There was plenty of fun to be had Tuesday at the Brunswick High youth baseball camp.

Equally as important: there was plenty of learning to be done, and the combined effort of the campers and coaches ensured both missions were accomplished with flying colors.

“My favorite part is normally being out here with all my friends,” said 9-year- old Braxton Sykes. “Just playing around, having fun playing the game I love.

“It’s been fun. I did this last year, and for the last two years I’ve been here, it’s been a blast.”

Brunswick baseball head coach Brian Crawford spoke glowingly about how campers like Sykes have made the event such a productive one.

“I think we’ve been blessed the last couple of years,” Crawford said. “We’ve had a number of just quality players with a basic foundation of the game and understanding of what we’re trying to do out here and what the purpose is.

“This is not daycare camp. We’re not out here to just be out here. We’re out here to learn the game of baseball and try to get better at what we can do.”

The four-day camp began Monday at the Pirates’ baseball field with the participants spending much of the day focused on catching and throwing with a purpose.

Crawford called being able to catch and throw on a consistent basis, “the rule No. 1 to competing in baseball,” and the lesson was obviously taken to heart. The focus and attention the campers paid each coach was clear as they made corrections and improvements in real time.

“Everything we’ve done today, we’ve seen progression,” said Harrison Trawick, the Region 2-6A Player of the Year in 2018. “We tell them to do one thing and then the next play they’re doing it.”

A pitcher and shortstop during his time as a Pirate, Trawick has since continued his playing career at Piedmont College. He’s taking time out of his summer to give back to the program and the next generation of Glynn County baseball players.

“I love working with younger kids,” Trawick said. “This is the age where basic fundamentals start.
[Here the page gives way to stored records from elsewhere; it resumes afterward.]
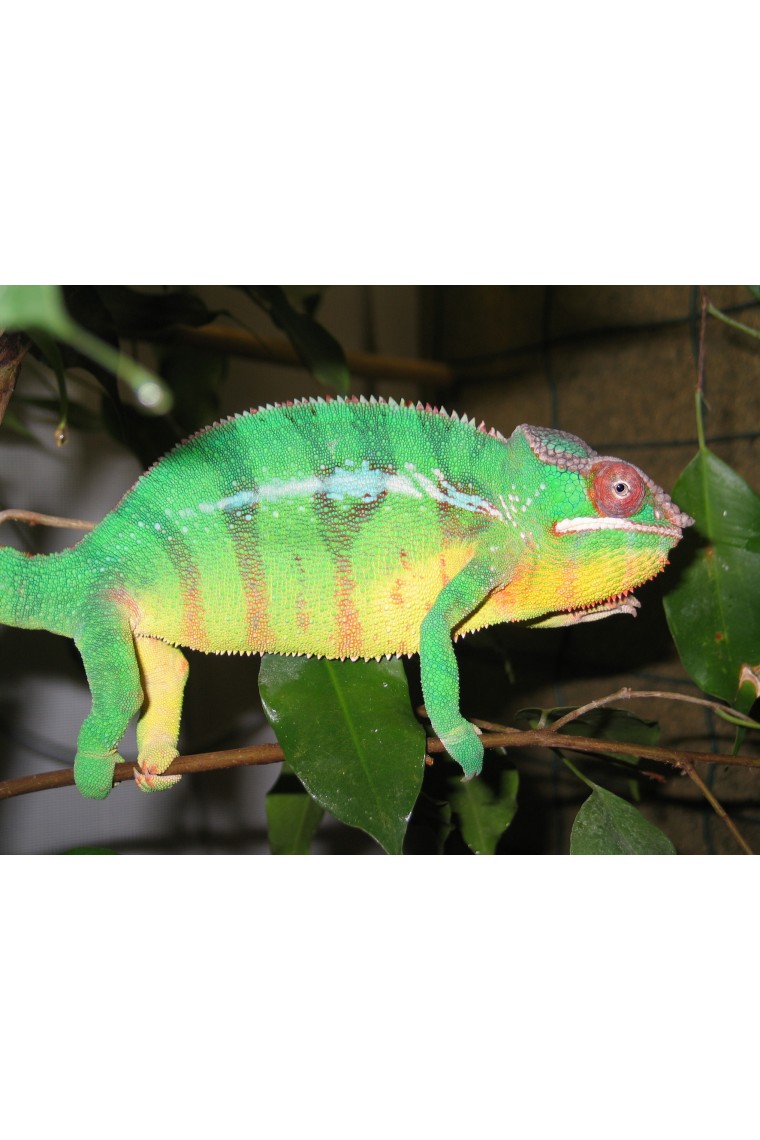 Furcifer Pardalis Nosy mitsio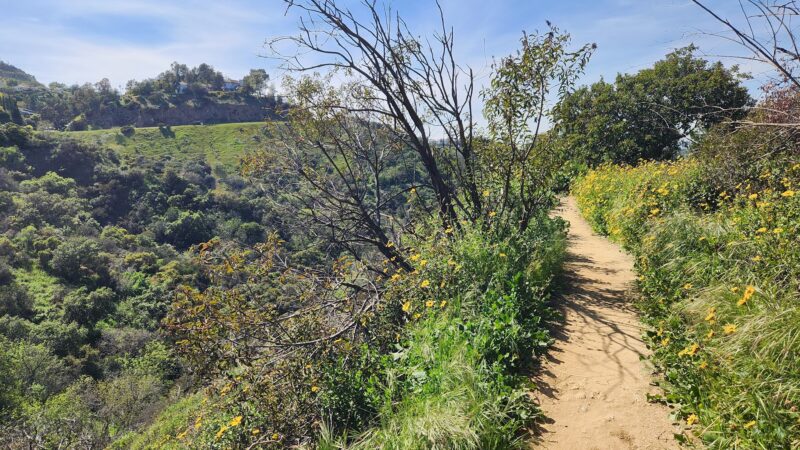 Fryman Canyon Park - Studio City, CA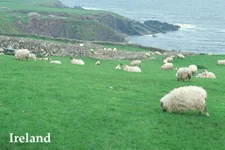SHEEP DINGLE PENINSULA IRELAND CONTRYSIDE LANDSCAPE REPRO POSTER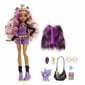 Nukk koos tarvikutega Monster High Clawdeen Wolf hind ja info | Tüdrukute mänguasjad | kaup24.ee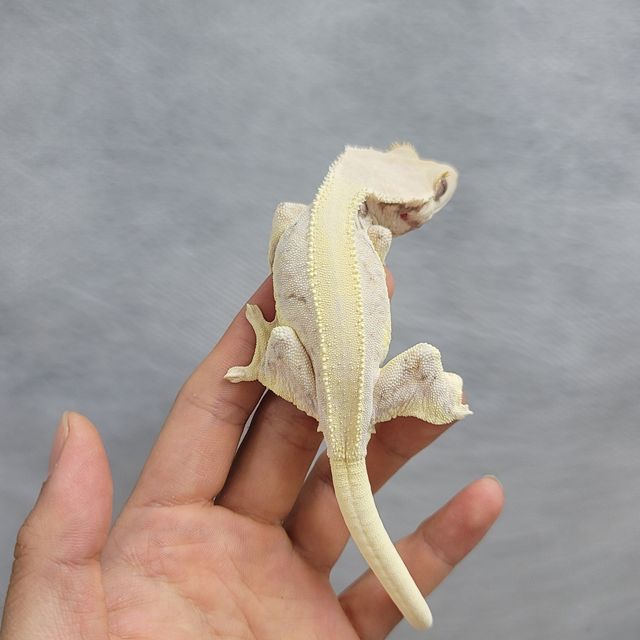 릴리화이트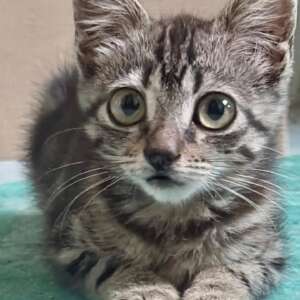 Titina micina gattina 45 giorni cerca casa. Per informazioni sulla sua adozione, contatta i volontari dell' Associazione Oltre i Confini di Specie ODV al 3518504528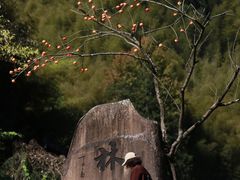 -林坑古村落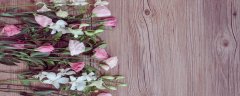 桔梗花的花语是什么？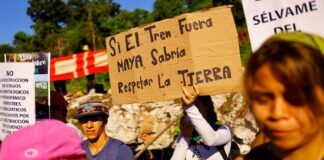 Otorgan suspensión definitiva de los tramos 5 y 7 del Tren Maya.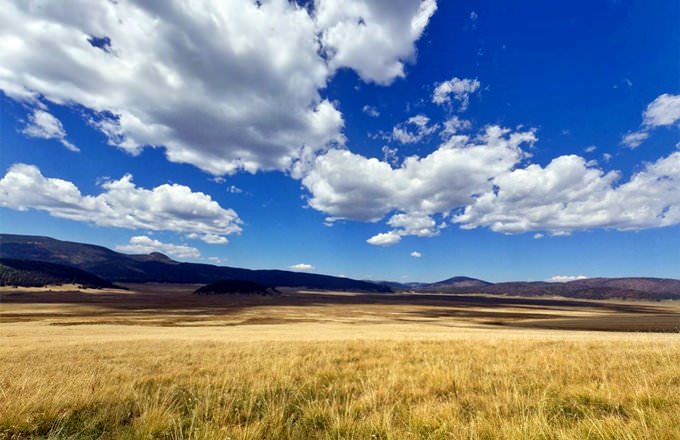 New Mexico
If they don’t get it now, they probably never will.

“So I feel like it’s important for me to come out here and help Coach (Crawford) out and implant it in their minds.”

With Trawick’s help, Brunswick’s youth baseball camp has made a noticeable difference in the skill level of the local players.

Sykes noted an improved throwing ability that’s developed since attending last year’s camp.

“Last year, as an 8-year-old, I was throwing in the 40s,” Sykes said. “Now, as a 9 year old, I’m throwing in the upper 60s.”

Refining defensive skills was the focus of much of Tuesday’s work as campers took turns scooping up grounders and learning the proper technique to use in fielding fly balls to the outfield.

Crawford explained how to efficiently turn and sprint back behind the ball in order to better prepare for a throw back into the infield.

“Today we started working on relays and working on positioning, and making sure the importance and understanding how certain defensive positions can either help us gain steps or lose steps,” Crawford said.

The day ended with the campers breaking into two groups that further split into teams for a couple games that would allow the kids to put their newly honed skills to the test.

With two days remaining, the camp will begin to turn its attention to offensive approach, hitting, and pitching to close the week.